* [DIRECTIONS FOR THIS TASK]:
Reproduce the records exactly, beginning with their first line and ending with the line that contains "STAR by Julien", and output nothing more.

* [Short web captions]:

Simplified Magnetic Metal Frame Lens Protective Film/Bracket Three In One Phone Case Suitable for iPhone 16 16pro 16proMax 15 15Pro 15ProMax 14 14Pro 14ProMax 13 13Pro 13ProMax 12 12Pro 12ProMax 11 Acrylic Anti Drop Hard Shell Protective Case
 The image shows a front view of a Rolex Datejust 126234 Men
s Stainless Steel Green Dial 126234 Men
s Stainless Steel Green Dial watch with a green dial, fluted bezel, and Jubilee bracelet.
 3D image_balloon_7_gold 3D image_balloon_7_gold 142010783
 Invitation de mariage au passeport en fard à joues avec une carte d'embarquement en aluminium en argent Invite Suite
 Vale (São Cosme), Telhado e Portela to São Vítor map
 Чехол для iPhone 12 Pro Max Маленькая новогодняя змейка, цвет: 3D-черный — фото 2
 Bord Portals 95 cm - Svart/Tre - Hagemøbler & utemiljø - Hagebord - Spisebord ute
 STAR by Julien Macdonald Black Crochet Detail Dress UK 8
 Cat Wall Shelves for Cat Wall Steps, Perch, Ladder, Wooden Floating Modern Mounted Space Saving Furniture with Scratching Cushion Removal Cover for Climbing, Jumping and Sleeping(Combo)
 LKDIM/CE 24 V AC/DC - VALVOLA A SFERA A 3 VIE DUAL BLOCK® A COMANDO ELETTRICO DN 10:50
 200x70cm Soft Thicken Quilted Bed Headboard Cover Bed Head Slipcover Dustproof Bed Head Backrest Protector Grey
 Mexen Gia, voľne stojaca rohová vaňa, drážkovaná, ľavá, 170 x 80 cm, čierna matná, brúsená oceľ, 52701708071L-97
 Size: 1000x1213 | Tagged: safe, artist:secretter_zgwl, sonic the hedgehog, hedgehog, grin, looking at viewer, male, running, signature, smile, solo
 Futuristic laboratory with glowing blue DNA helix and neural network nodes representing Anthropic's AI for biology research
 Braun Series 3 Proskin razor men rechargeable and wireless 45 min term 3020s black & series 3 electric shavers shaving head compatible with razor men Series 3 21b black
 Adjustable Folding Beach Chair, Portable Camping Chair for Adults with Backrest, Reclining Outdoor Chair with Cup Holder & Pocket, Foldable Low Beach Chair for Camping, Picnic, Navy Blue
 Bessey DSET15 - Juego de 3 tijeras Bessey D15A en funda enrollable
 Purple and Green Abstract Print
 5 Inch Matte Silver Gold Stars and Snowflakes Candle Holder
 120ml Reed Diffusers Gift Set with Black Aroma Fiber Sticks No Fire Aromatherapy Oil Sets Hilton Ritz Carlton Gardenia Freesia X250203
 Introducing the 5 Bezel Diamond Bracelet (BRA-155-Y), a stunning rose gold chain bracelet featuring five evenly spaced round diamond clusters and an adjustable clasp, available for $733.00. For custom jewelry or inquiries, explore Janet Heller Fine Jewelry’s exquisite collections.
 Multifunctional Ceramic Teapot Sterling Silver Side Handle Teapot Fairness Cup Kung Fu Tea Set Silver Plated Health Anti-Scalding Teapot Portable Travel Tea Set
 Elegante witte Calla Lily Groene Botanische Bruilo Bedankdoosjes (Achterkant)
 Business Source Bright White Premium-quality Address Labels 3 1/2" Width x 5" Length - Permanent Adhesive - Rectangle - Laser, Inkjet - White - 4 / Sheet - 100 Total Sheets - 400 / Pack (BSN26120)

* [RESPONSE BOX]:
Simplified Magnetic Metal Frame Lens Protective Film/Bracket Three In One Phone Case Suitable for iPhone 16 16pro 16proMax 15 15Pro 15ProMax 14 14Pro 14ProMax 13 13Pro 13ProMax 12 12Pro 12ProMax 11 Acrylic Anti Drop Hard Shell Protective Case
 The image shows a front view of a Rolex Datejust 126234 Men
s Stainless Steel Green Dial 126234 Men
s Stainless Steel Green Dial watch with a green dial, fluted bezel, and Jubilee bracelet.
 3D image_balloon_7_gold 3D image_balloon_7_gold 142010783
 Invitation de mariage au passeport en fard à joues avec une carte d'embarquement en aluminium en argent Invite Suite
 Vale (São Cosme), Telhado e Portela to São Vítor map
 Чехол для iPhone 12 Pro Max Маленькая новогодняя змейка, цвет: 3D-черный — фото 2
 Bord Portals 95 cm - Svart/Tre - Hagemøbler & utemiljø - Hagebord - Spisebord ute
 STAR by Julien Macdonald Black Crochet Detail Dress UK 8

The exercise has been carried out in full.